A University of Stirling expert in doping in sport will investigate the prevalence or otherwise of performance enhancing drugs amongst Kenya’s elite runners.
The World Anti Doping Agency (WADA) selected Dr Paul Dimeo, author of the critically acclaimed A History of Drug Use in Sport, to carry out a two-year project entitled Doping Behaviour, Causes and Prevention in Elite Level Kenyan Athletes: An Empirical Investigation, on the runners.
Kenya has a strong record of success in international athletics, particularly in middle- and long distance running, with all 14 of its 2008 Beijing Olympic medals coming from running events.
But while the athletes are household names on the international stage, little is known about their own knowledge of drugs – some of which may inadvertently fall foul of the WADA code.
Rarely suspected of doping
“Kenyan athletes are not widely suspected of doping, with only eight high-profile cases in the past 20 years and several of these included taking substances such as clomiphene and salbutamol, which might have been for medical purposes,” said Dr Dimeo, director of taught postgraduate programmes in Sports Management and Sports Coaching at Scotland’s University for Sporting Excellence.
“Yet there is a feeling some global policy makers are anxious about the Kenyan context and the International Association of Athletics Federations (IAAF) has targeted Kenyan athletes for out-of-competition tests due to its lack of an established national anti-doping agency.

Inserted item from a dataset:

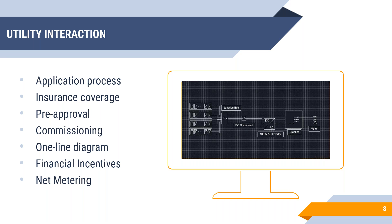Commissioning is a big part of utility interaction. They usually want to be the ones to turn on the system — they want to come after the install and throw the knife disconnect to turn it on. Typically they want their labeling properly done on the system, then they'll add their own labels once they arrive. It's always a good idea to be present when they commission the system. Many utilities also require a one-line diagram — not always necessary but a good thing to have, especially for your wiring plan, as shown on the diagram to the right.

“WADA are also concerned about anti-doping in Kenya because it doesn’t report the statistics of national level testing. My research will look to identify if there is a problem in Kenyan running, but it’s also about getting an understanding of the attitudes and practices of athletes, coaches and sports staff in Kenya towards doping in athletics.”

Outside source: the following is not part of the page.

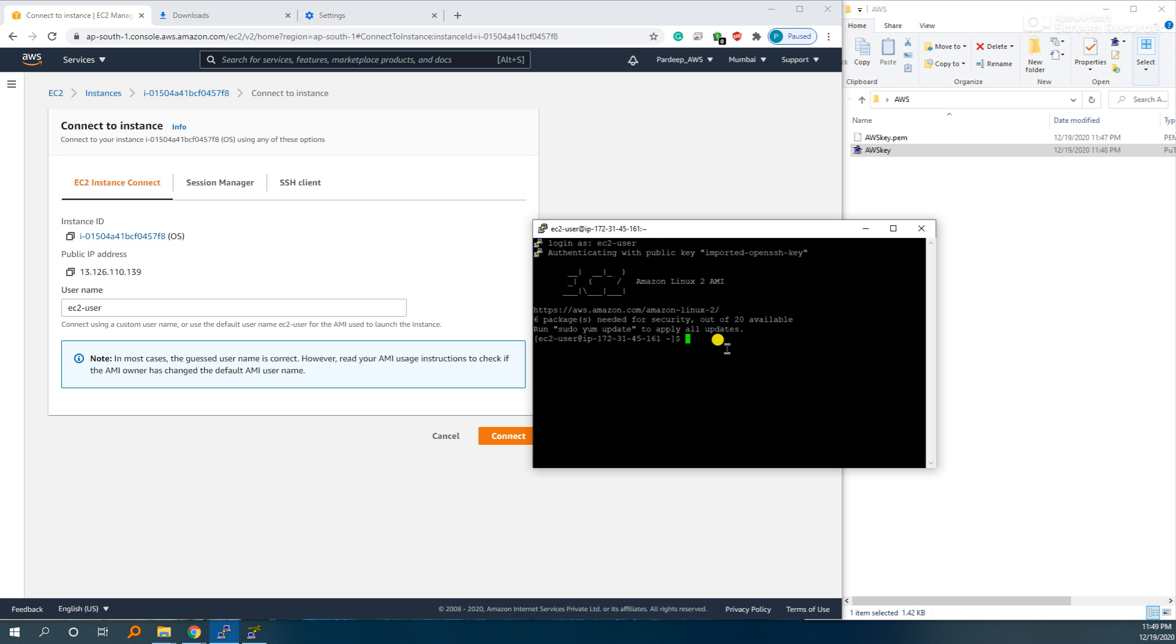Now you are connected to your remote OS. Check like date, this is the date.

Insufficient access to Internet
International sport has been plagued by the use of performance enhancing chemically produced substances such as amphetamines, steroids, HgH, EPO and other advanced chemical innovations since the 1960s.
However, naturally occurring plants in Kenya, such as miraa (khat), may contain traces of substances noted on the WADA list, increasing athletes’ chances of testing positive for dope – deliberately or inadvertently.

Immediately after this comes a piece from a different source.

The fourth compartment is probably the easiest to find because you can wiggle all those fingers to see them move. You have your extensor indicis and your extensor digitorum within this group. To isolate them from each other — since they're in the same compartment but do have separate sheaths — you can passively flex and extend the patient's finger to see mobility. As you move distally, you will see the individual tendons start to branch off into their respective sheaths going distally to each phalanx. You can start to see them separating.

Another issue is the insufficient access in Kenya to the Internet, where much of the anti-doping information is held.
Dr Dimeo added: “There have been a number of studies to try and understand why Africans and Kenyans in particular have been so successful in athletics, but no research examining the risks posed by lack of information or how anti-doping policies and educational initiatives function in African countries.”
The researcher will partner with academics at Kenyatta University, including former international runner Professor Mike Boit and Dr Vincent Onywera, from the Department of Recreation Management and Exercise Science.
New insights into anti-doping
The findings of the project, due to be completed by January 2012, will be presented to WADA, Kenyan sports authorities, the International Olympic Committee, IAAF and the Commonwealth Games Federation.
Michele Verroken, the former Director of Ethics and Anti-Doping at UK Sport who advises many sports bodies on anti-doping in her role as director of sports business consultancy, Sporting Integrity, believes Dr Dimeo’s project can offer new insights into anti-doping.